Contrats commerciaux
Le 20 juin 2017, Maximilien Petrovic avait saisi le conseil des prud’hommes de Paris pour contester les conditions de rupture de sa relation de travail avec Uber, qu’il assimilait à un licenciement abusif. Il avait demandé la requalification de son contrat en CDI, avec application de la Convention collective nationale des transports routiers et activités auxiliaires du transport. Son compte avait été désactivé, « après une étude approfondie de son cas », selon Uber. Le conseil de prud’hommes de Paris s’était déclaré incompétent, au profit du tribunal de commerce de Paris.
« La Cour de cassation va se prononcer sur la compétence de la juridiction prud’homale, explique Lionel Vuidard, avocat associé en droit social chez Linklaters. À la lumière de l’arrêt qu’elle a rendu fin novembre requalifiant en salarié un livreur à vélo travaillant pour Take Eat Easy, aujourd’hui liquidée, on ne peut pas exclure une décision favorable au chauffeur Uber. Pour les plateformes dont le business model repose sur l’autoentrepreneuriat, ce serait un tournant. Des dizaines de chauffeurs risqueraient de demander à leur tour la requalification de leurs contrats de prestation de services en contrats de travail. »
Une chose est sûre : l’argumentation d’Uber – et plus généralement celles des plateformes -, consistant à se définir comme un simple outil de mise en relation, est fragilisée. « Plusieurs arrêts récents, avant celui-ci, vont dans le sens d’une requalification de livreurs à vélo ou de chauffeurs prestataires en salariés (Le Cab, Take Eat Easy…) », souligne Élise Bénéat, avocate en droit social chez De Pardieu Brocas Maffei.

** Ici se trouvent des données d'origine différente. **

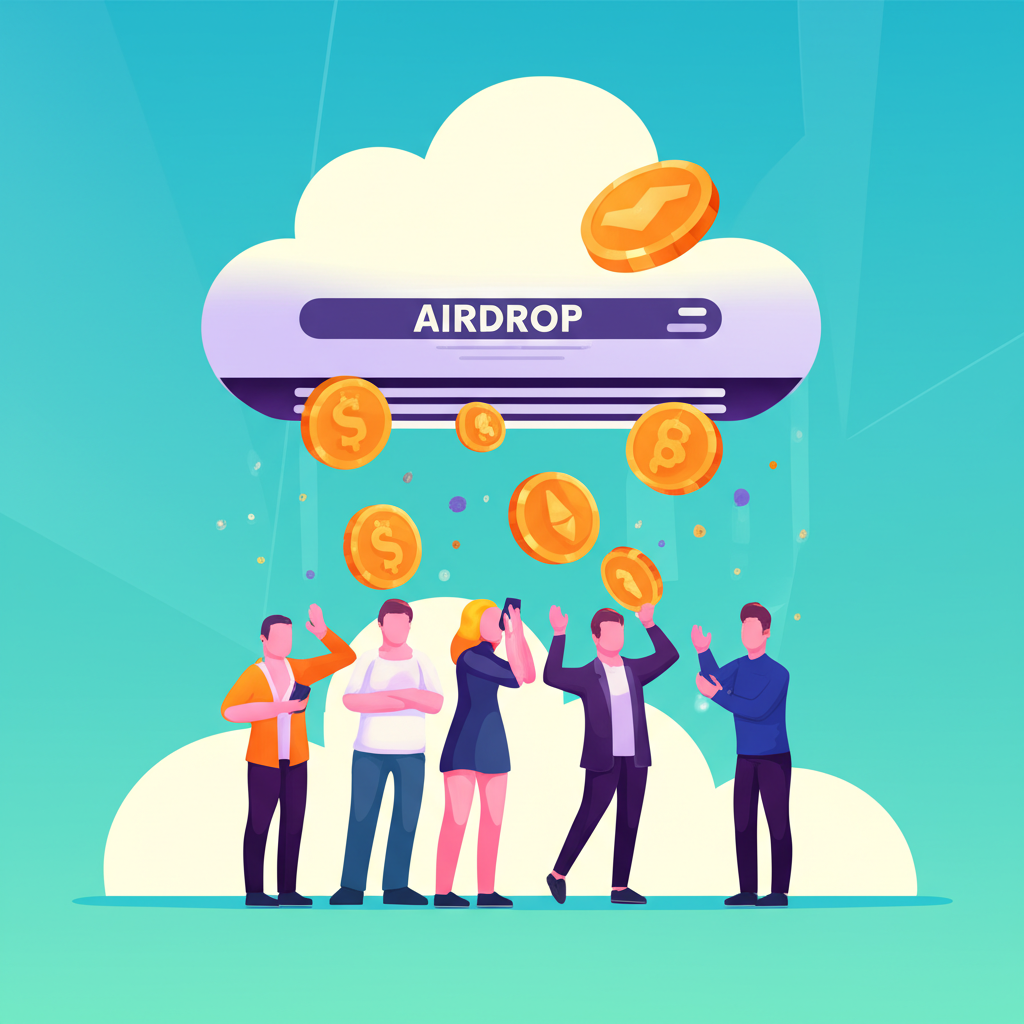 一個代表加密貨幣空投黃金時代與衰落的視覺化圖表，展示了收益從高峰到低谷的趨勢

Si Uber insiste sur la liberté laissée aux chauffeurs (aucun contrôle horaire, liberté totale d’organisation…), la cour d’appel estime pour sa part que « le fait de pouvoir choisir ses jours et heures de travail n’exclut pas en soi une relation de travail subordonnée », à partir du moment où un chauffeur intègre « un service organisé par la société Uber BV, qui lui donne des directives, en contrôle l’exécution et exerce un pouvoir de sanction à son endroit ».
Pour Uber, ce nouvel arrêt met en lumière le flou juridique qui entoure le développement des plateformes et le besoin de clarification et d’adaptation du droit aux évolutions technologiques. « Dans tous les cas, les juges essaient de rectifier les abus des relations commerciales imposées par les plateformes. Celles-ci vont devoir les rendre moins contraignantes, pour laisser plus de liberté à leurs prestataires », pense Élise Bénéat.